[Supplied records]
★ ★ ★ ★

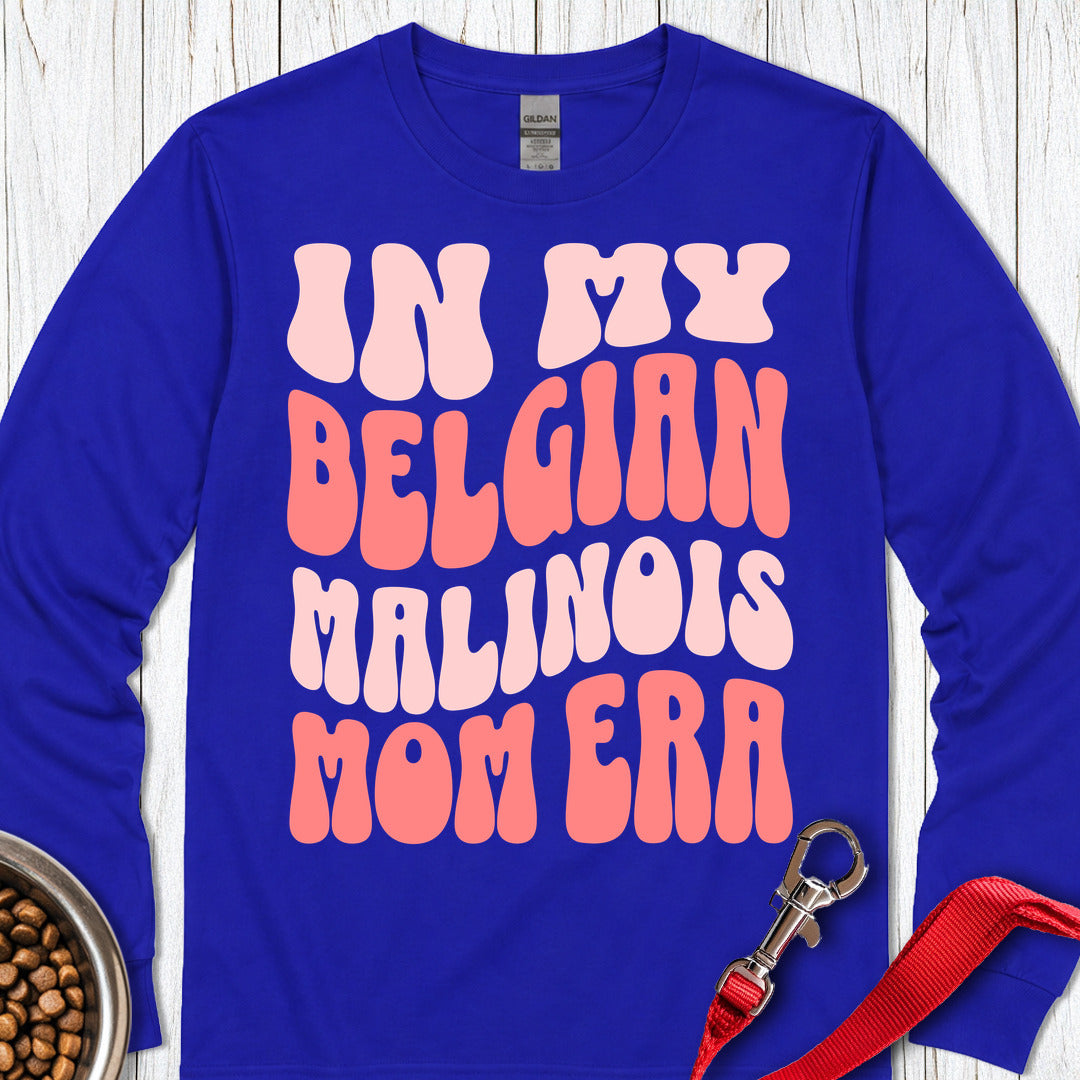 Belgian Malinois Mom Long Sleeve — Royal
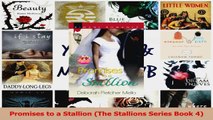 PDF Download  Promises to a Stallion The Stallions Series Book 4 Read Full Ebook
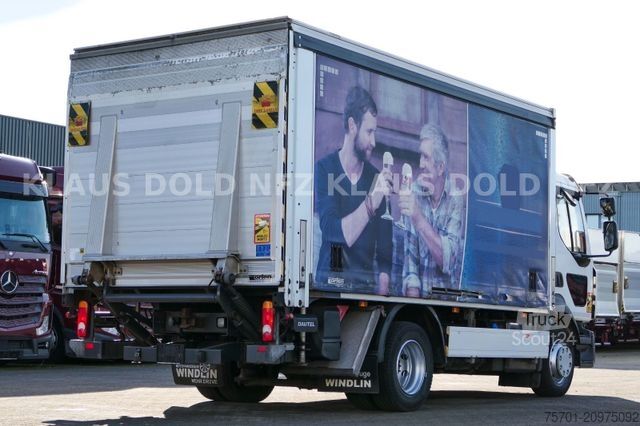 Camião de bebidas RENAULT D13.280 Getränkewagen LBW bis max. 2.000 kg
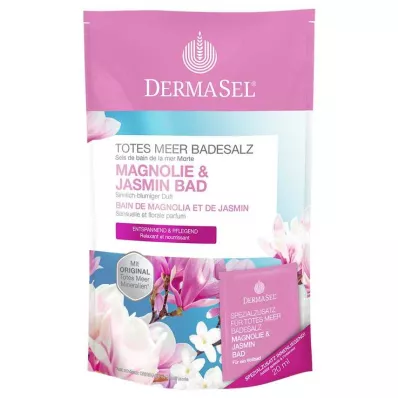 Dermasel Sale da bagno del Mar Morto Magnolia &amp; Gelsomino, 1 p
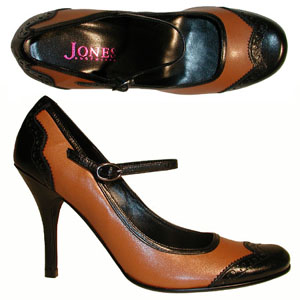 Jones Bootmaker Cape 3 - Tan/black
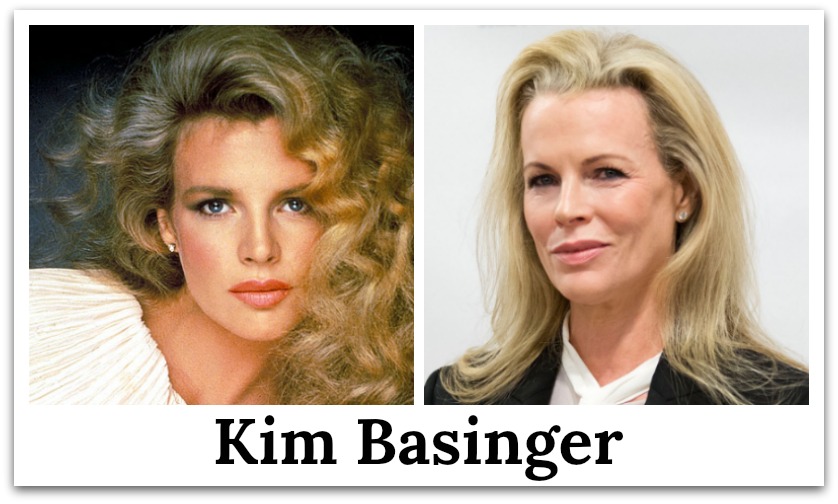 kim basinger then and now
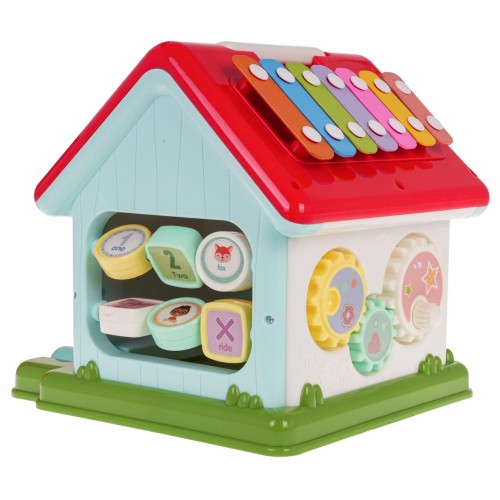 Multifunkčný interaktívny dom s klavírom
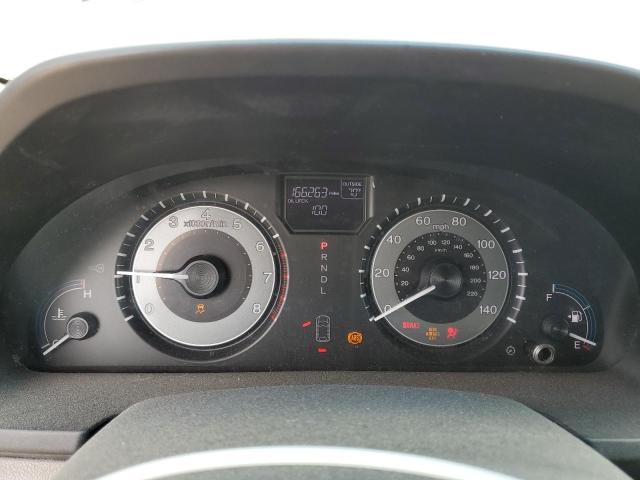 5FNRL5H60BB009581 - 2011 HONDA ODYSSEY EXL GRAY photo 9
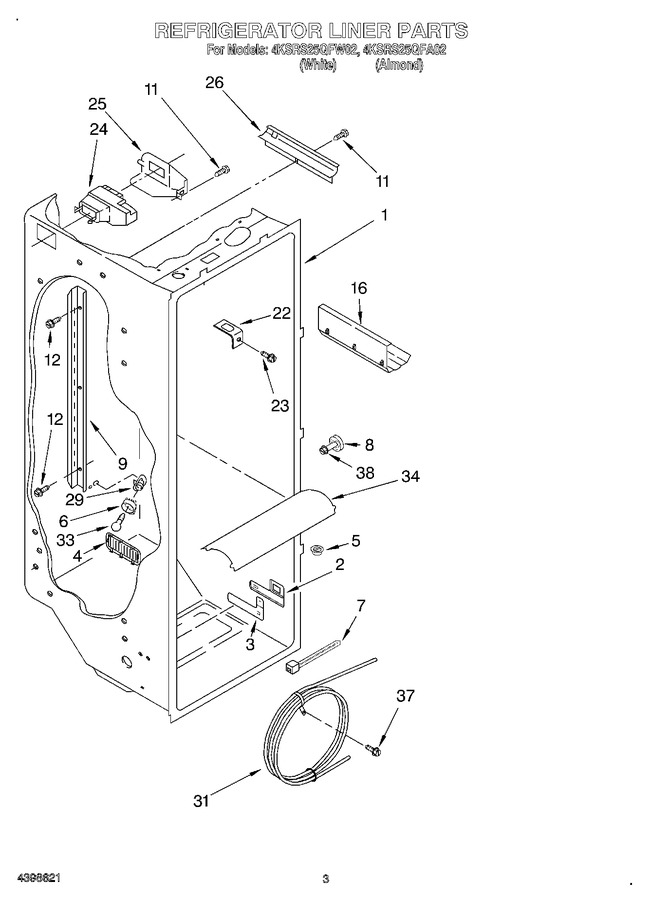 Diagram for 4KSRS25QFW02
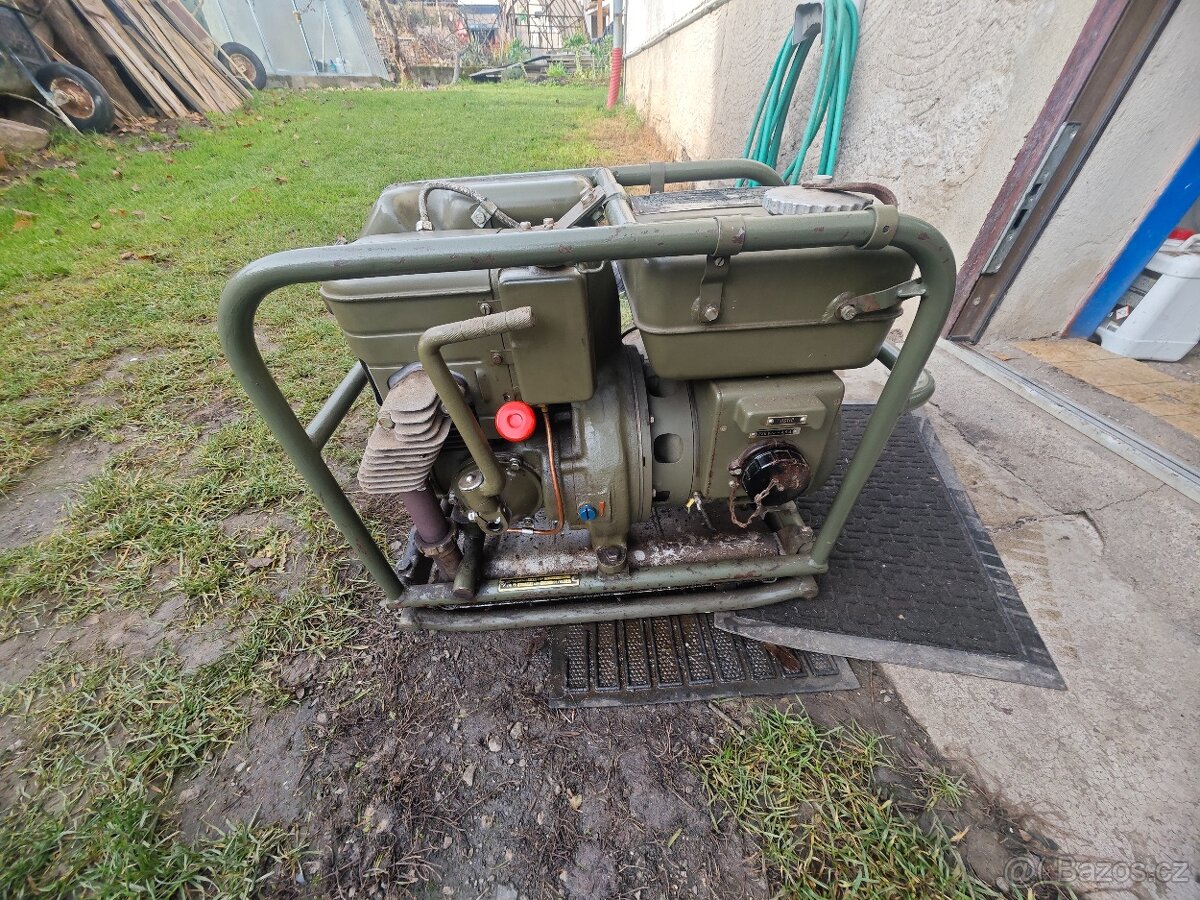 Vojenská elektrocentrala zb5ac - 5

★ ★ ★ ★

[What the exercise asks]
Copy the lines exactly. Start at the line with "Multifunkčný interaktívny dom s klavírom", end at the last line above, include both, and omit all pictures.

[Exercise solution]
 Multifunkčný interaktívny dom s klavírom
 5FNRL5H60BB009581 - 2011 HONDA ODYSSEY EXL GRAY photo 9
 Diagram for 4KSRS25QFW02
 Vojenská elektrocentrala zb5ac - 5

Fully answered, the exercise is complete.